Auf die Pilze fertig los: Die Sammelsaison hat wieder begonnen. Dieses Jahr ist bei den Dietiker Sammler Geduld gefragt – denn die Corona-Sicherheitsmassnahmen müssen eingehalten werden.

Die Pilzler sind wieder unterwegs:
Und so ist ab heute die Pilzkontrolle an der Bremgartnerstrasse 42 in Dietikon wieder mittwochs und sonntags geöffnet. Um die Distanzregel einzuhalten, darf jeweils nur ein Pilzler aufs Mal seine Pilze zur Kontrolle vorlegen. Die anderen müssen warten. «Am besten bringen die Pilzsammler dieses Jahr ein wenig mehr Zeit und eine Maske mit», sagt Andreas Preuss. Der diplomierte Pilzkontrolleur ist für die Kontrolle der Dietiker, Bergdietiker, Gerolds­wiler und Oetwiler Pilze zuständig.
Neu steht dieses Jahr Desinfektionsmittel auf dem Tisch. Zudem kleben Abstandsmarkierungen auf dem Boden, ansonsten verlaufe die Kontrolle wie bis anhin. «Es gibt Pilzarten, die müssen wir immer noch in die Hand nehmen und daran riechen», sagt Preuss. Anders könne man die giftigen nicht von den Speisepilzen unterscheiden. Er probiere jedoch, nach jeder Kontrolle die Hände zu waschen oder zu desinfizieren.

Pilze sollen sauber und vorsortiert vorbeigebracht werden

Letztes Jahr entdeckten die Kontrolleure rund 2 Kilogramm Giftpilze und 54 Kilogramm ungeniessbare oder verdorbene Pilze. Speisepilze wurden 183 Kilogramm gezählt. Um die Kontrolle zu vereinfachen, sei es wichtig, dass die Pilze sauber und vorsortiert vorbeigebracht werden. «Am besten bringen die Sammler die Pilze artgetrennt vorbei», sagt Preuss. Liegen alle Pilze übereinander, läuft der Besitzer Gefahr, dass sie alle wegen eines Giftpilzes weg­geworfen werden müssen. «Ich probiere, nur die ungeniessbaren Pilze zu konfiszieren, doch wenn sie in Stücke zerfallen und überall zwischen den Speisepilzen liegen, kann es sehr anstrengend werden», sagt Preuss.
Der häufigste Fehler sei immer noch, dass die Pilze falsch verpackt werden. «Plastiksäckli sind absolut ungeeignet, denn im Plastik bildet sich ein feuchtes Mikroklima.
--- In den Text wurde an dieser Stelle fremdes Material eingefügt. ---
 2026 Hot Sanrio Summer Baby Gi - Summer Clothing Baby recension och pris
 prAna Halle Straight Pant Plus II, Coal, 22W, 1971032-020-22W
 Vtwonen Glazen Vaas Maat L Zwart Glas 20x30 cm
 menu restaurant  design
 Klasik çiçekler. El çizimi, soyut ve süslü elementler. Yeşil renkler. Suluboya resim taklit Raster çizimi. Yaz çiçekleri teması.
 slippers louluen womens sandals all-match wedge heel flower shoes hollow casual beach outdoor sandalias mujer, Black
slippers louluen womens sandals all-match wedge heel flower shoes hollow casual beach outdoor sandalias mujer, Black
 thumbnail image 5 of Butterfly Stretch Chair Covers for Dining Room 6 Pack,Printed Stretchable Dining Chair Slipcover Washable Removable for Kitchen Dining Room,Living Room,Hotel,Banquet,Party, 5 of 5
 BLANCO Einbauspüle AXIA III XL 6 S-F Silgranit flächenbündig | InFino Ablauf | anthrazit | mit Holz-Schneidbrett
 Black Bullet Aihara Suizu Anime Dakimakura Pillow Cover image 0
Das tut den Pilzen nicht gut», so Preuss. Die Pilze müssen in einem gut belüfteten Gefäss, wie zum Beispiel in einem Korb, liegen. Auch sei es wichtig, dass sie eher kühl gelagert werden. «Man kann es mit Fleisch vergleichen, das muss auch sorgfältig gelagert werden», so Preuss.
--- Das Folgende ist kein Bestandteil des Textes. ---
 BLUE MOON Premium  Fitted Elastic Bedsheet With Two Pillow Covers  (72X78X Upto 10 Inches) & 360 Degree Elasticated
In den letzten Jahren kamen immer wieder Leute mit grossen Pilzladungen zur Kontrolle. «Manche leerten zehn Kilo Pilze auf den Tisch. Das ist eine eindrückliche Menge», sagt Preuss. Insbesondere angesichts der Tatsache, dass man im Kanton Zürich pro Tag und Person nur ein Kilogramm Pilz sammeln darf. In den ersten zehn Tagen des Monats dürfen zum Schutz des Waldes und der Waldtiere gar keine Pilze ­gesammelt werden. Doch Preuss spielt nicht Polizist. «In jedem Kanton sind die Regeln anders», sagt er. Nur schon deshalb wäre es schwer ­herauszufinden, ob jemand gehamstert hat.
Pilzler aus Schlieren, Oberengstringen, Unterengstringen und Weiningen können ihre Pilze mittwochs,
samstags und sonntags zur Kontrollstelle an der Freiestrasse 23 in ­Schlieren bringen. Die Kontrollstelle im Urdorfer Bachschulhaus ist für die Einwohner der Gemeinden Urdorf, Uitikon, ­Birmensdorf und Aesch jeweils am Montag, Mittwoch und Samstag ­geöffnet.